Für die Rentenbesteuerung ist im Einzelfall wichtig, seit wann die Rente gezahlt wird. Dieser Zeitpunkt bestimmt jenen Rentenanteil, der steuerpflichtig ist – den sogenannten Besteuerungsanteil.
Und dieser Besteuerungsanteil steigt stetig an?
Ja. Bei Renten aus der gesetzlichen Rentenversicherung, die 2005 oder früher begonnen haben, sind 50 Prozent der Renten steuerpflichtig. Der Besteuerungsanteil steigt dann für jeden neuen Rentenjahrgang an. Wer 2018 in den Ruhestand ging, musste 76 Prozent versteuern, 2019 sind es bereits 78 Prozent. Für Neurentner ab dem Jahr 2040 gehören dann 100 Prozent der Rente zum steuerpflichtigen Einkommen.
Und wie wird die Rentenerhöhung besteuert?
Die jährlichen Rentenanpassungen sind in voller Höhe steuerpflichtig.
Gibt es denn einen Grundfreibetrag für Rentner?

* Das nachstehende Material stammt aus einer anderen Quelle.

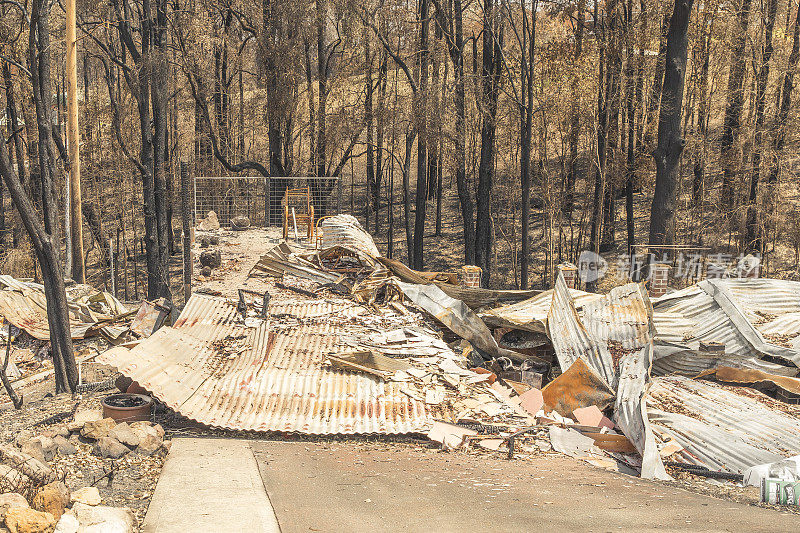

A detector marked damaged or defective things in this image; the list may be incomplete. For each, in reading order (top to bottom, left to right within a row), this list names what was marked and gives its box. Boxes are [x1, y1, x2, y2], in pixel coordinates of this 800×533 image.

rusty metal panel [99, 294, 432, 434]
rusted corrugated iron [101, 294, 438, 434]
rusty metal panel [648, 376, 800, 472]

Ja, Rentnern steht der gleiche Grundfreibetrag zu, wie allen anderen Steuerbürgern auch. Dieser liegt 2019 bei 9.168 Euro pro Jahr für Alleinstehende und 18.336 Euro für Ehepaare. Bleibt man mit seinen Einkünften unter diesem Grundfreibetrag, sind keine Steuern zu zahlen.
Und wenn man den Grundfreibetrag überschreitet?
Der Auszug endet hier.